All lines from the one containing "Eurasian lynx sitting in the green grass Eurasian" through the final line of the records below should be reproduced exactly, with the pictures left out.

Source information section start

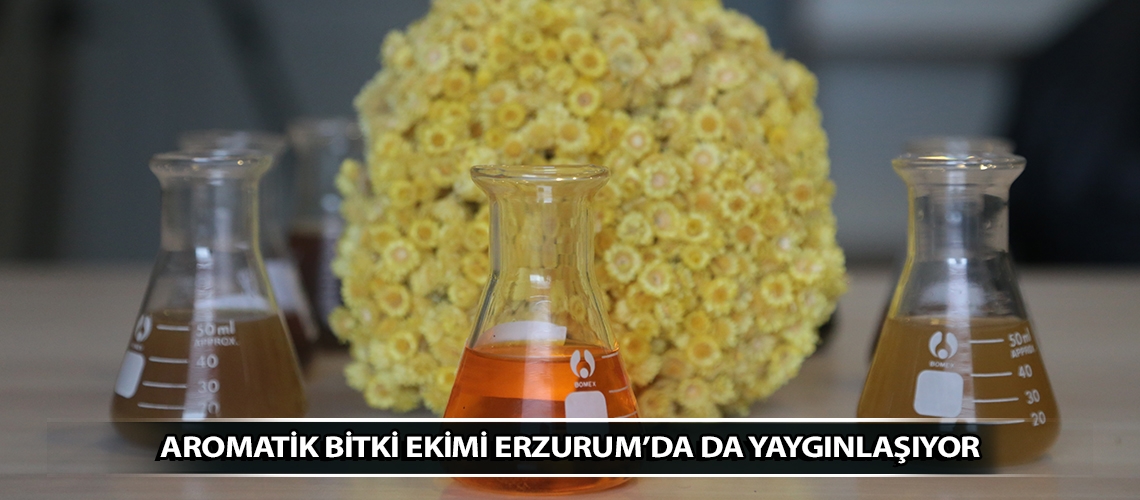 Aromatik bitki ekimi Erzurum’da da yaygınlaşıyor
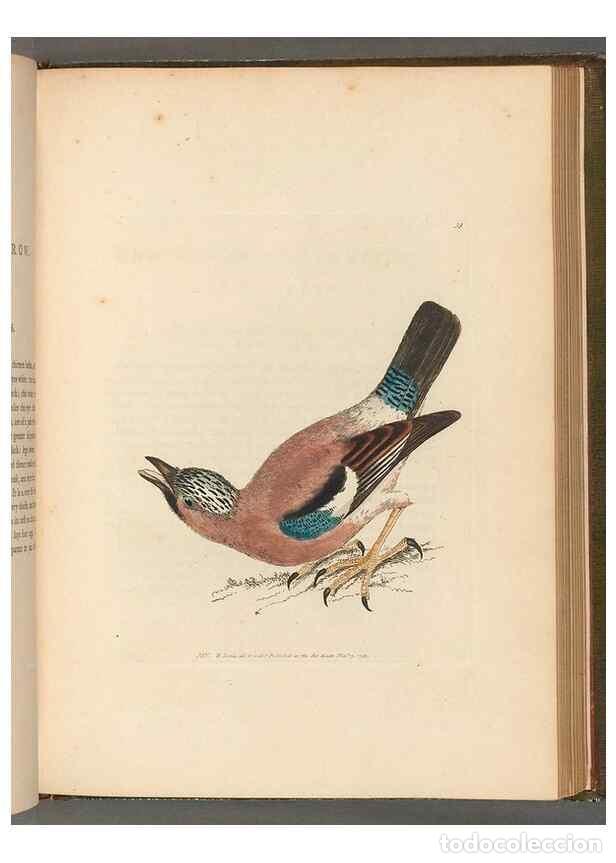 Sammeln von Zeitschriften und Zeitungen: Reproducci&oacute;n/Reproduction 49054141323: The birds of Great Britain,. 1795-1801.. - Lewin, William,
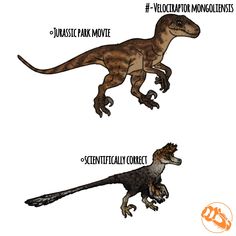 three different types of dinosaurs with names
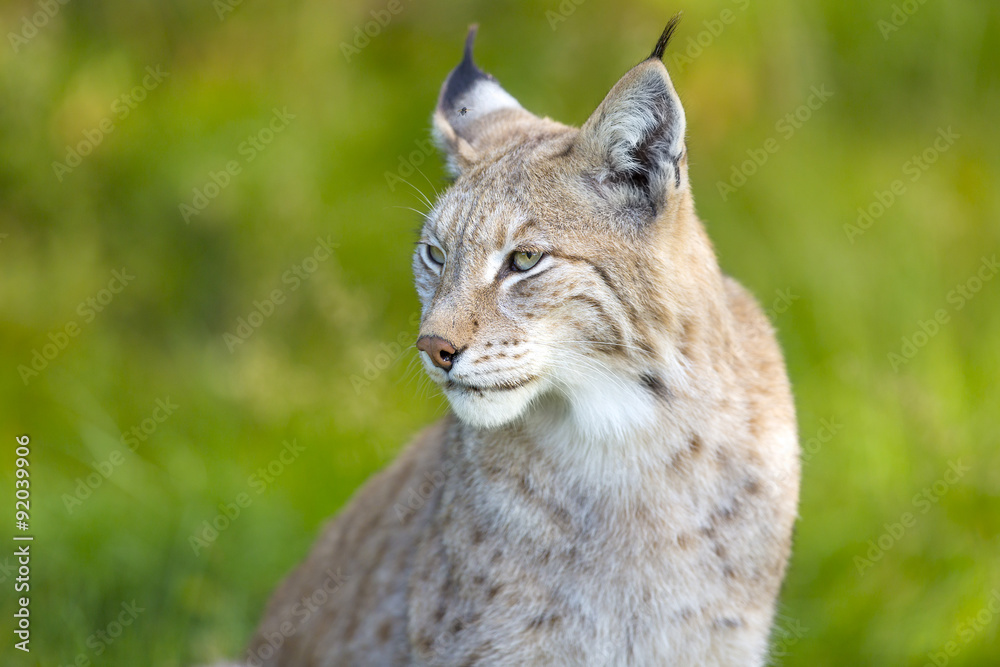 Eurasian lynx sitting in the green grass Eurasian lynx sitting in the green grass
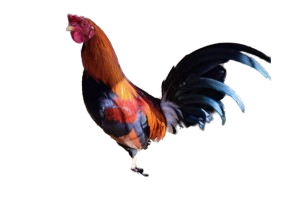 NFT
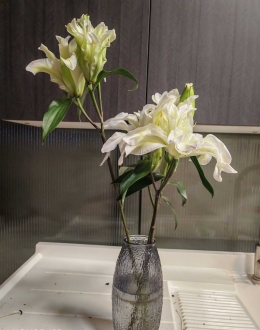 明经苑5楼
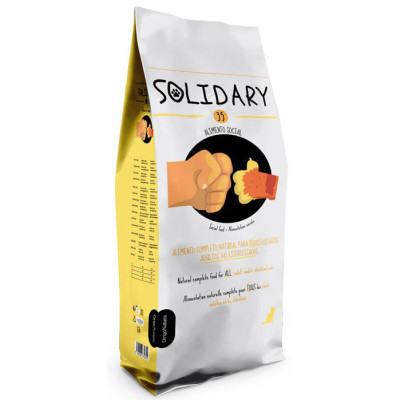Solidary CAT 35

Source information section end

Solution:
 Eurasian lynx sitting in the green grass Eurasian lynx sitting in the green grass
 NFT
 明经苑5楼
Solidary CAT 35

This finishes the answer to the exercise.